Goal of the exercise - Set down, exactly as written, the lines from the top of the data to the line that holds "BDO outdoor billboard", and omit the pictures.

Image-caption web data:
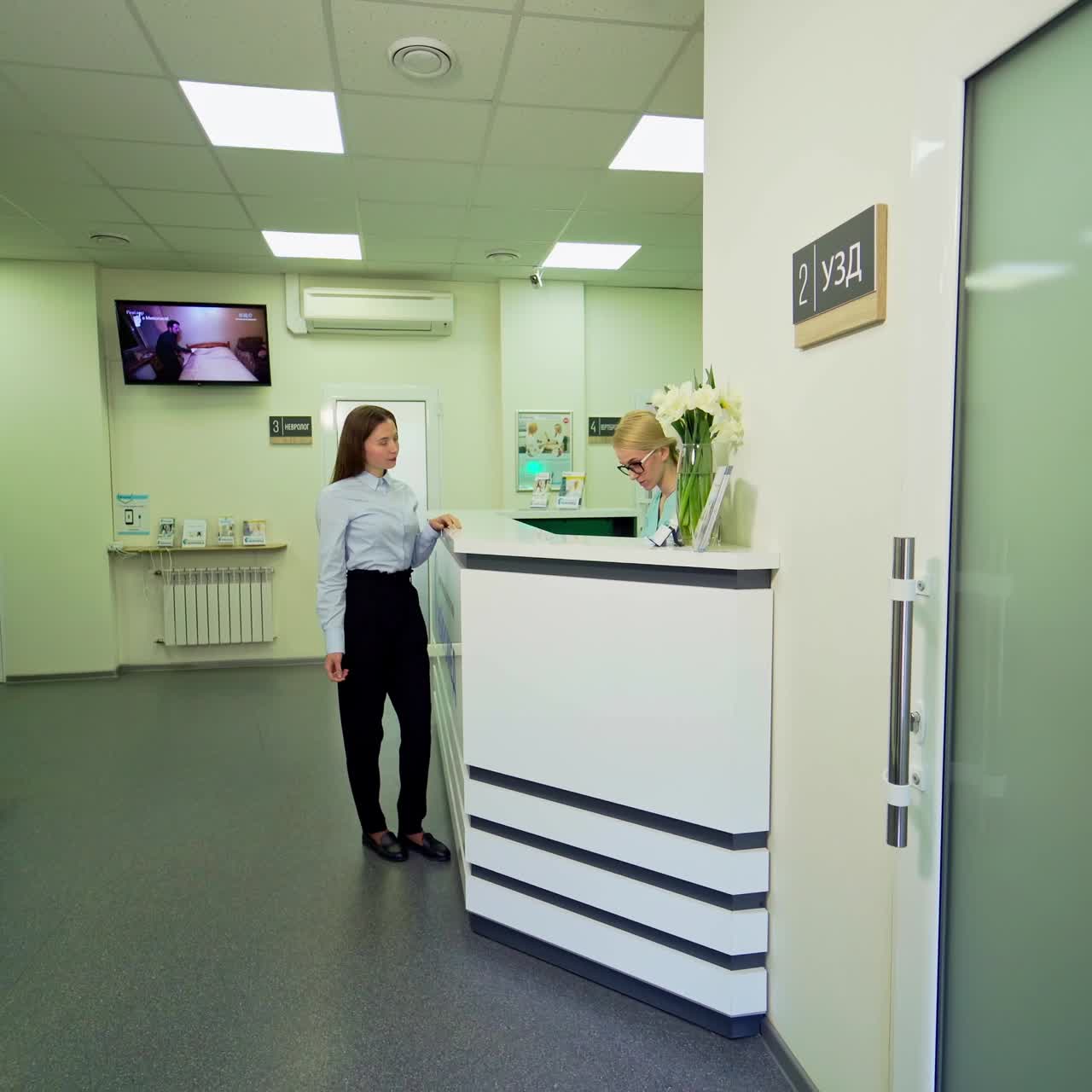Patient at receptionist in modern clinic. Young woman takes the results of her diagnostic and goes away from hospital.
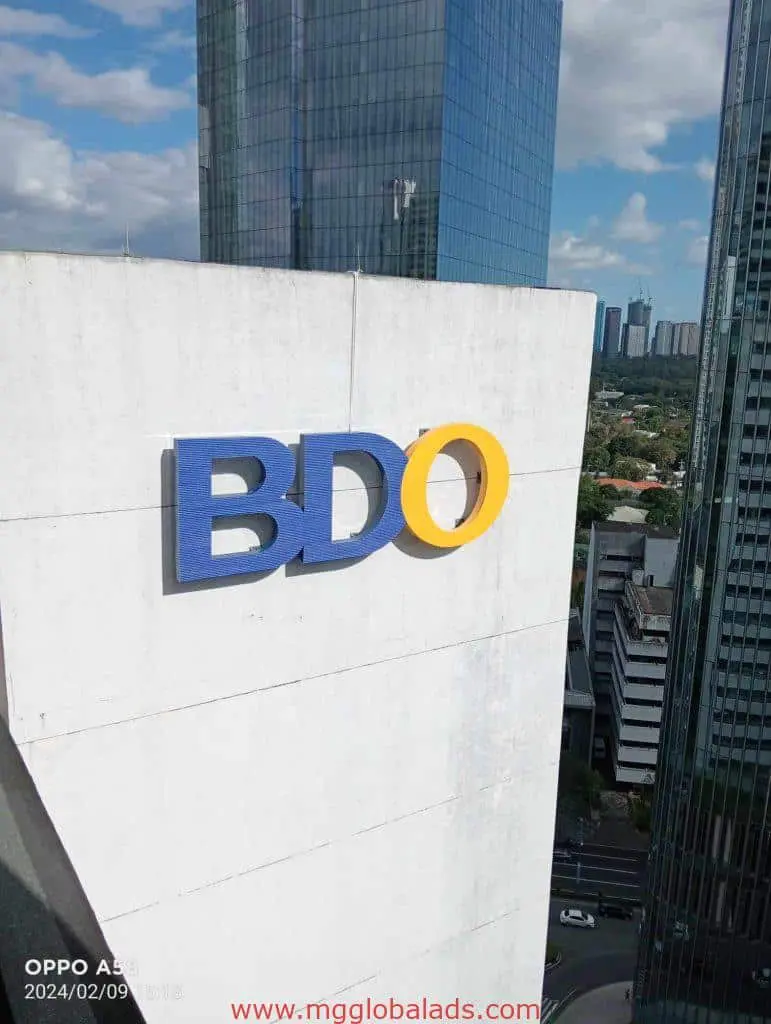 BDO outdoor billboard signage on white building in Makati, city skyscrapers and trees in background, by M&G Global Ads.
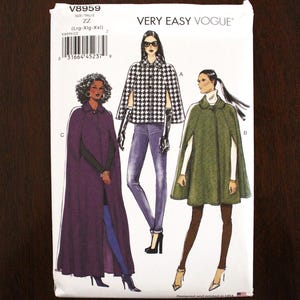May include: Vogue V8959 sewing pattern featuring cape designs. The pattern includes illustrations of capes in various styles, including a purple full-length cape, a black and white checkered cape, and a green cape. The pattern is for sizes Lrg-XXL.
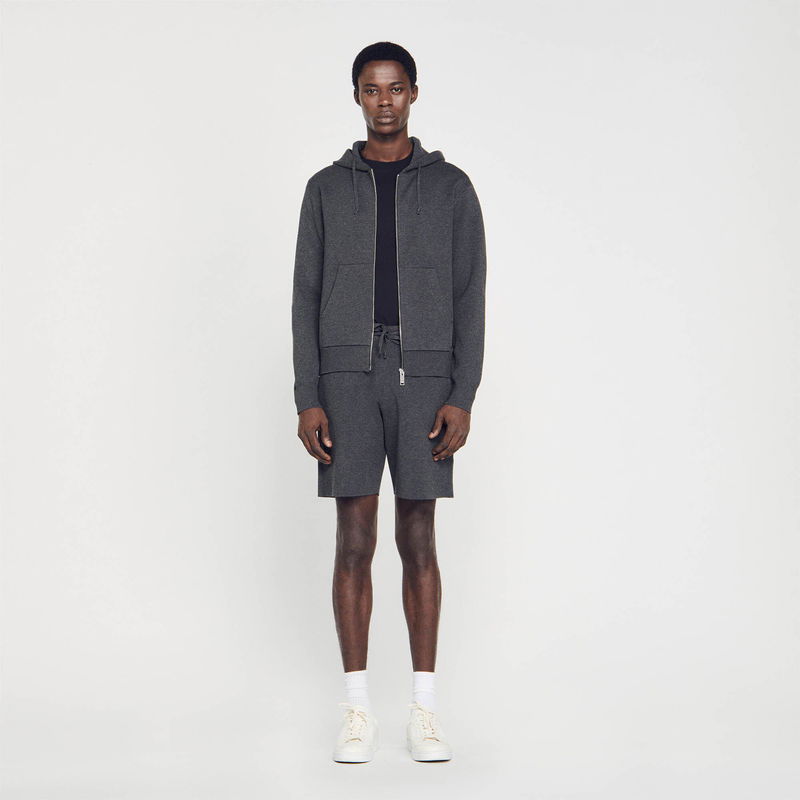Dark gray SANDRO hoodie and shorts outfit on a man
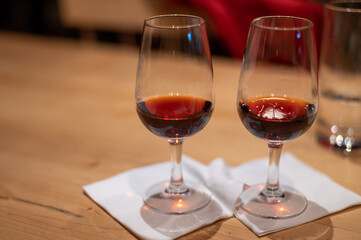 Professional tasting of different fortified dessert ruby, tawny port wines in glasses in porto cellars in Vila Nova de Gaia, Portugal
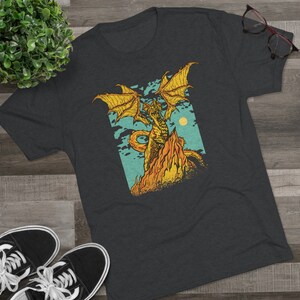 Könnte beinhalten: Ein dunkel-helles graues T-Shirt mit einem Aufdruck eines gelben Drachen mit orangefarbenen Flammen auf einem blauen und grünen Hintergrund.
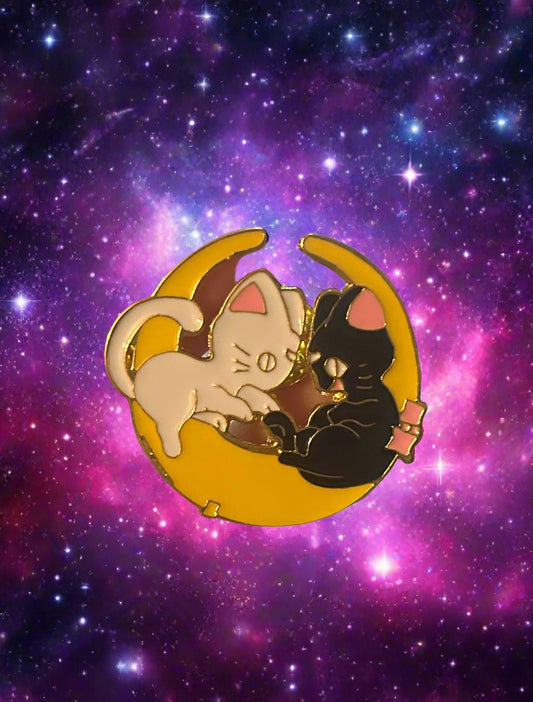 A pin featuring a whimsical design with two cats and a crescent moon.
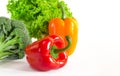 Juicy red and orange peppers with a green tail lies next to Bundle of lettuce and broccoli are on a white background Royalty Free Stock Photo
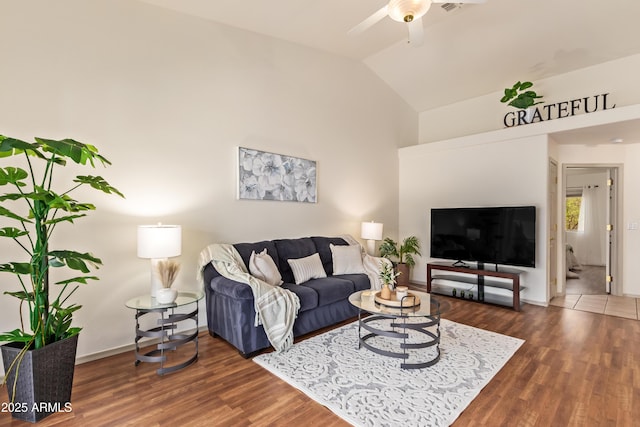 living room with wood finished floors, ceiling fan, high vaulted ceiling, and baseboards
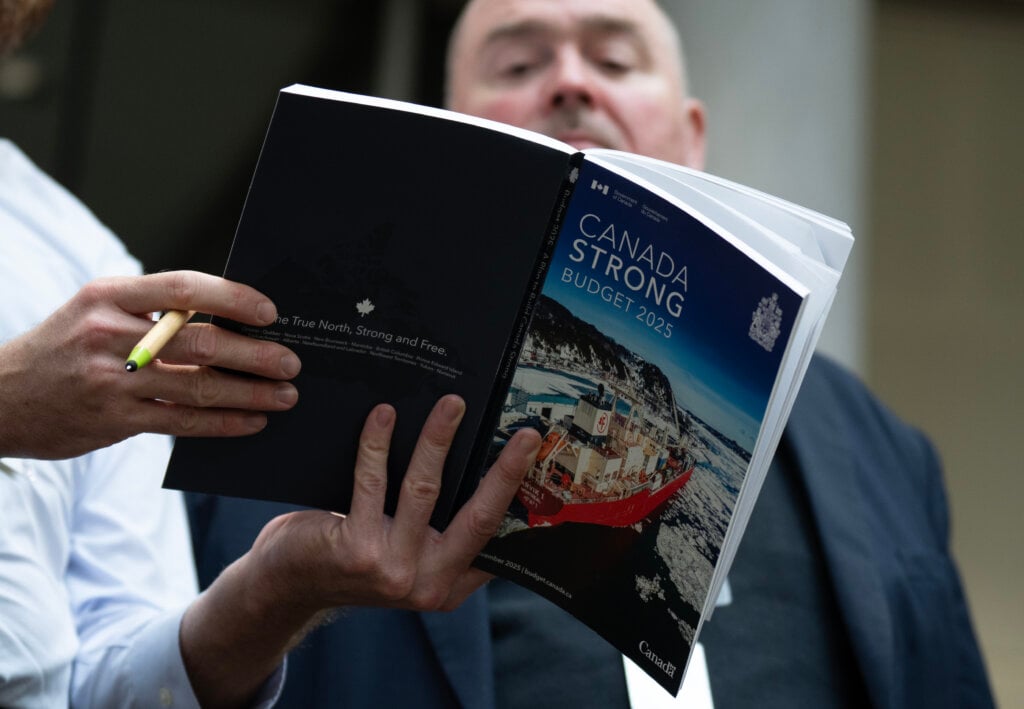Reporters read over the federal budget as they prepare for its release in Ottawa, Tuesday, Nov. 4, 2025.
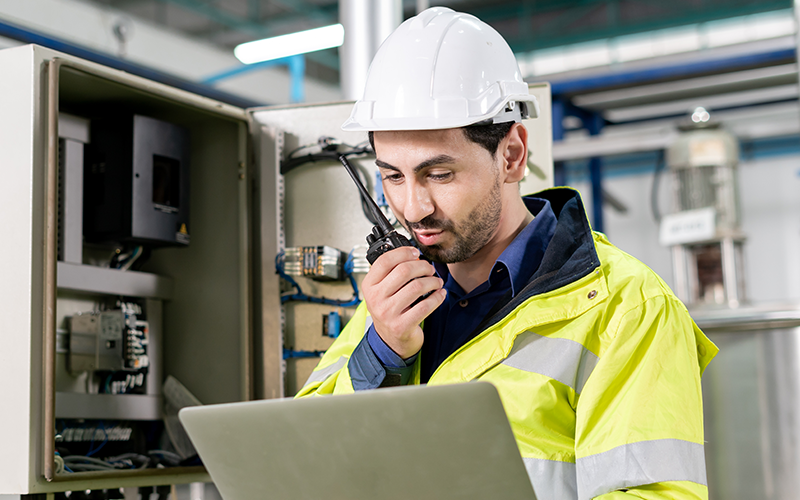 ClearVision provides expert technical engineering and installation service for all A/V product lines Worker using laptop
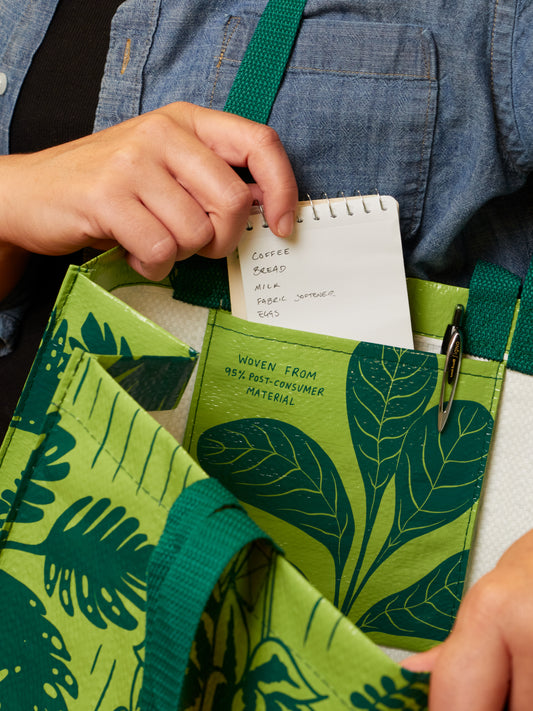 A person places a small notepad with a grocery list into the Blue Q "I Have A Bit Of A Plant Problem Shopper," a green reusable bag with leaf patterns, made from 95% post-consumer material.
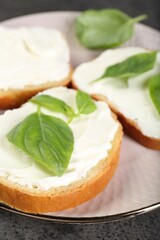 Delicious sandwiches with cream cheese and basil leaves on grey table, closeup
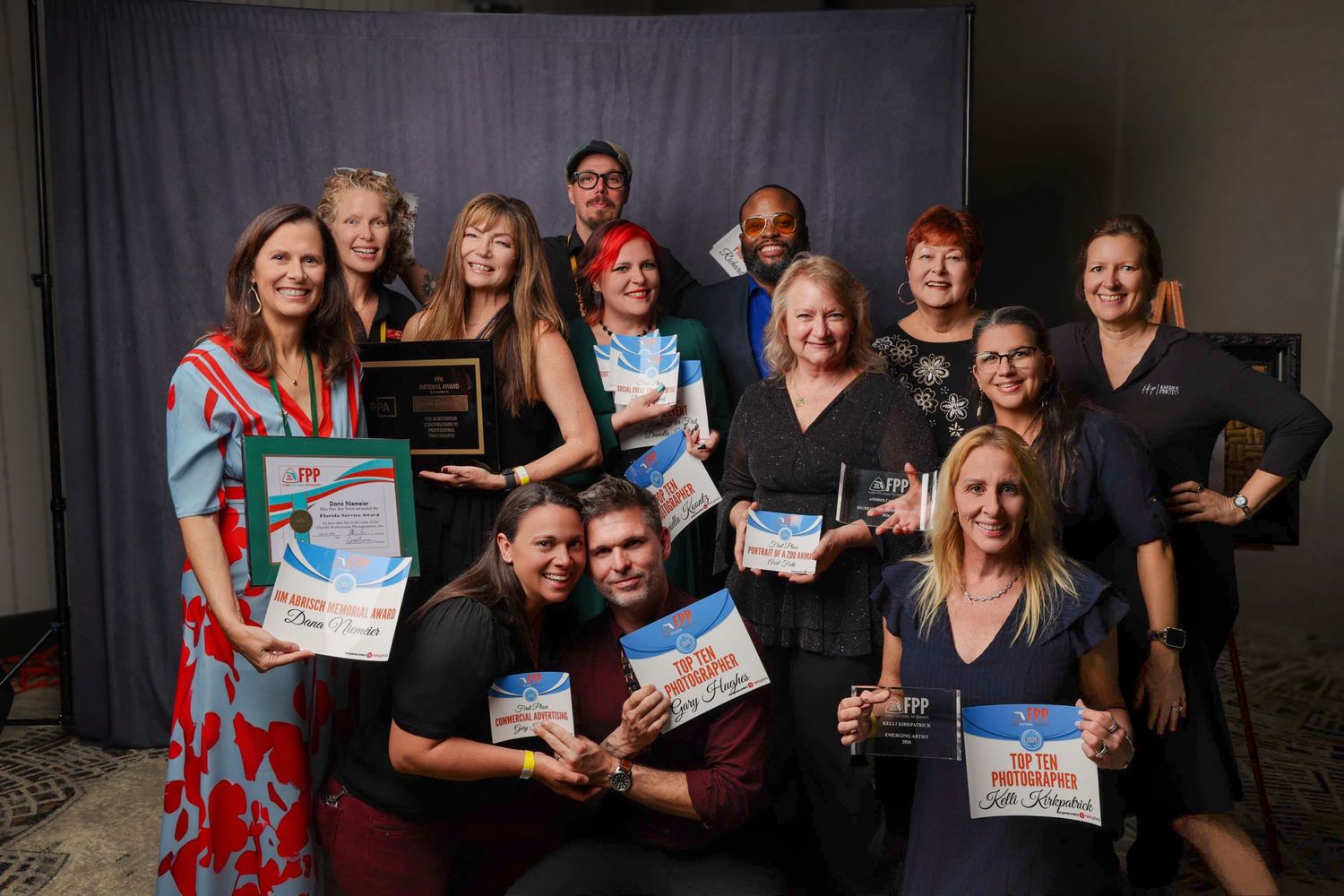 Group of award winners posing together holding plaques and certificates at a formal recognition ceremony.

Your response -
Patient at receptionist in modern clinic. Young woman takes the results of her diagnostic and goes away from hospital.
 BDO outdoor billboard signage on white building in Makati, city skyscrapers and trees in background, by M&G Global Ads.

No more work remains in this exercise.